HotSpot Intrinsics

A Tale of Two Logs
Premature-ization
The Observer Effect
Pandora’s Box
Down the Rabbit Hole
Tunables
Closing Remarks
footnotes

Sometimes, compilers have special treatments for some function implementations. Put simply, they replace the default implementation with another, possibly optimized, implementation. Such functions are known as intrinsic functions in compiler theory.

In this article, we’ll walk through a few examples to see how intrinsic functions are working in the HotSpot JVM.

A Tale of Two Logs

The Math.log() method in Java computes the natural logarithm of any given number. Typical high school stuff, nothing fancy! Here’s what the implementation of this method looks like in OpenJDK:

@IntrinsicCandidate
public static double log(double a) {
    return StrictMath.log(a); // default impl. delegates to StrictMath
}

As shown above, the Math.log() method itself calls another method called StrictMath.log() under the hood. Despite this delegation, we usually tend to use the Math.log() instead of the strict and more direct one!

Premature-ization

Despite Donald Knuth’s efforts, one might propose to use the StrictMath implementation, mainly to avoid the unnecessary indirection and being more sympathetic to the underlying mechanics!

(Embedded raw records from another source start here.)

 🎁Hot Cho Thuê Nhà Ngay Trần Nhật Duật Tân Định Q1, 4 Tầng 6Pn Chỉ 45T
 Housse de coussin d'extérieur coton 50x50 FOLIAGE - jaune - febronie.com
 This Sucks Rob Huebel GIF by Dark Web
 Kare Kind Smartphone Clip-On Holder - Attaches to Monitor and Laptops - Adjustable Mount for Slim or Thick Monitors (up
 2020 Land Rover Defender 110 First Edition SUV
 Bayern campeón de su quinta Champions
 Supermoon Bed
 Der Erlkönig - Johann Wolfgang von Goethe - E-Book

Well, we all know that when the Math.log() method gets hot enough (i.e. being called frequently enough), then the HotSpot JVM will inline this delegation. Therefore, it’s only natural to expect that both method calls exhibit similar performance characteristics, at least when the performance matters!.

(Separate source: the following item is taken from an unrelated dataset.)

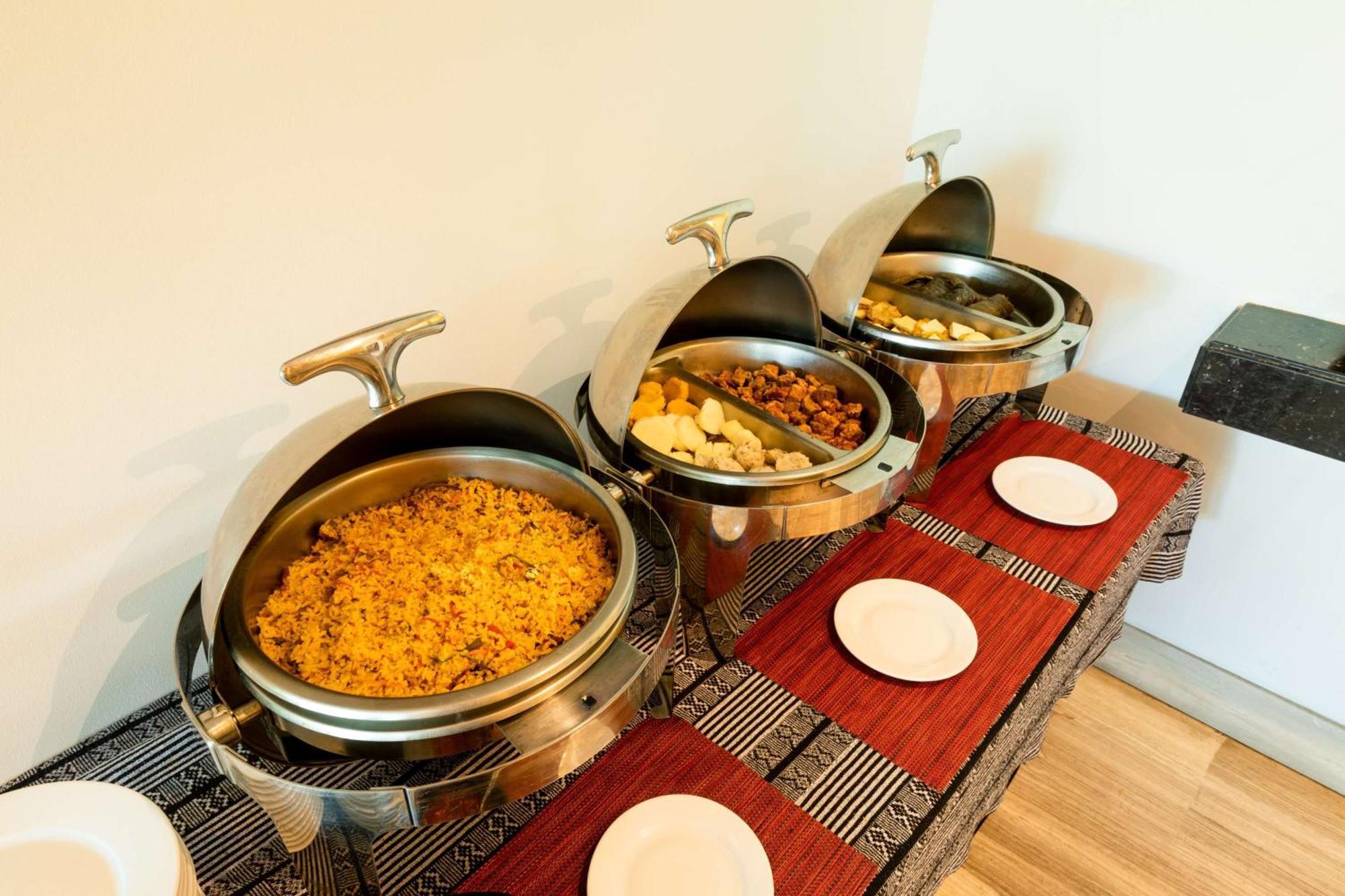 Hilton Garden Inn Barranquilla Ngoại thất bức ảnh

To prove this hypothesis, let’s conduct a simple benchmark comparing the two implementations:

@State(Scope.Benchmark)
@BenchmarkMode(Mode.Throughput)
public class IntrinsicsBenchmark {

    @Param("12346545756.54634")
    double value;

    @Benchmark
    public double indirect() {
        return Math.log(value); // Calls the StrictMath.log(value) under the hood.
    }

    @Benchmark
    public double direct() {
        return StrictMath.log(value);
    }

    // typical stuff
}

The result should be so predictable, right?

The Observer Effect

If we package the benchmark and run the following command:

>> java -jar intrinsics.jar -f 2 -t 8

After a while, JMH will print the benchmark result like the following:

Benchmark                               (value)   Mode  Cnt          Score          Error  Units
IntrinsicsBenchmark.direct    12346545756.54634  thrpt   20  151571897.277 ±  7878104.343  ops/s
IntrinsicsBenchmark.indirect  12346545756.54634  thrpt   20  309745064.598 ± 12678366.349  ops/s

We didn’t see that coming, did we?! The indirect Math.log() implementation outperforms the direct and supposedly more performant implementation by almost 105% in terms of throughput!

Pandora’s Box

Let’s take a closer look at the Math.log() implementation once again, just to make sure we didn’t missed something there:

@IntrinsicCandidate
public static double log(double a) {
    return StrictMath.log(a); // default impl. delegates to StrictMath
}

The delegation exists, for sure. Quite interestingly, there is also a @IntrinsicCandidate annotation on the method. Before going any further, it’s worth mentioning that before Java 16, the same method did look like this:

@HotSpotIntrinsicCandidate
public static double log(double a) {
    return StrictMath.log(a); // default impl. delegates to StrictMath
}

So basically, as of Java 16, the jdk.internal.HotSpotIntrinsicCandidate is repackaged and renamed as jdk.internal.vm.annotation.IntrinsicCandidate.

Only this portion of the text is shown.